The construction team was dedicated to running a paperless project from the start, with full buy-in from the city of Tucson. BUMCT was the first project to go through the permitting process electronically, says Kwapich, with iPads ubiquitous among project personnel. Change orders are reviewed in BlueBeam and then sent to the architecture teams.

“We tell our subcontractors to update early and update often,” says Rosic.

“We had to be upfront and tell [specialty contractors] what the needs were. If they were going to be too busy, we had to tell them no.”
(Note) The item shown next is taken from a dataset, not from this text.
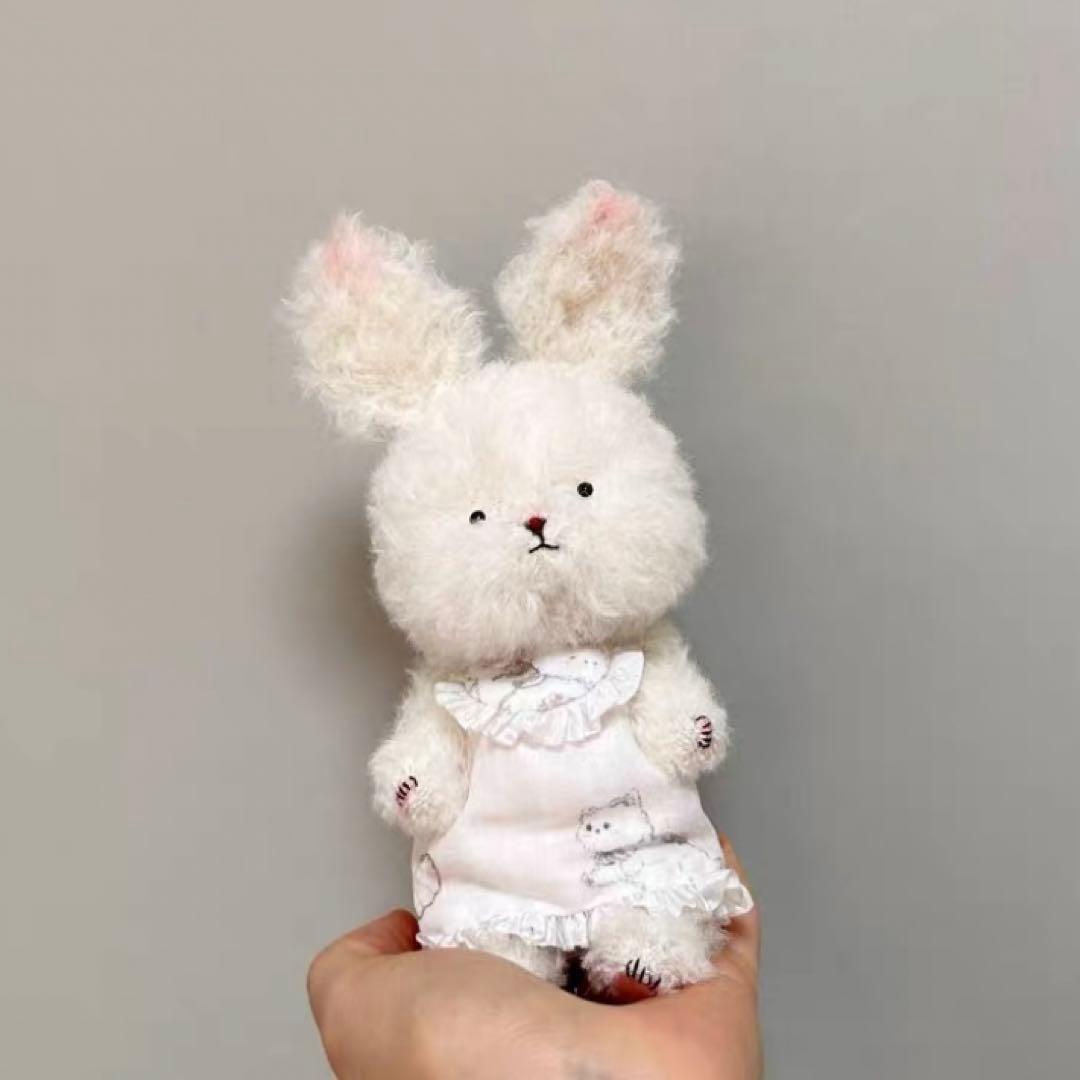 お饅頭顔のうさぎちゃん アーティストベア 海外作家様 テディバニー ハンドメイド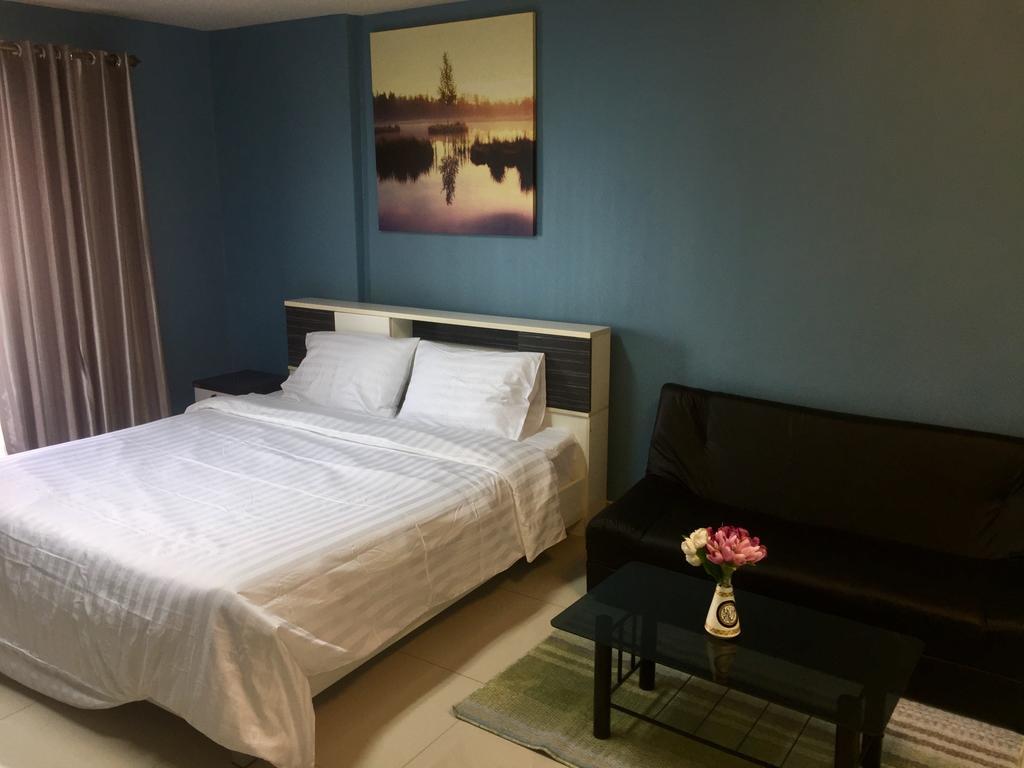 Br-Guesthouse Pattaya Bagian luar foto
– Brittany Burbes, Project Manager, Sundt | DPR

Burbes says the all-digital plan process saved time and money, adding that the team leaned on vConstruct, a DPR subsidiary in India, to perform split sheets and RFIs.

“They did that overnight for us, so we always have an updated form of documents,” she says.

Digital plans also helped mitigate the added complexity of using many specialty contractors, even from within the same specialty. Kwapich says the construction team had to compete with two nearby large projects that strained the capacity of local specialty contractors. So, Sundt | DPR began working with specialty contractors early in the process.

“We had to be upfront and tell them what the needs were. If they were going to be too busy, we had to tell them no,” says Burbes, adding the prefabrication was also key to meeting the tight construction schedule.

Patient rooms have prefabricated headwalls from Amico Corp. To handle UL-rated medwalls, the construction team created a prefabrication area on the third floor. The prefabricated operating rooms include CleanSuite ceilings made by Nortek Air Solutions, Burbes says, and the typical universal operating room design provided 3,960 cu ft per minute of laminar flow, lighting and boom supports. The OR ceilings were prefabricated and finished in a four-part assembly and installed in two days.

“If we did not do all of the prefab, we wouldn’t have met the schedule,” says Burbes.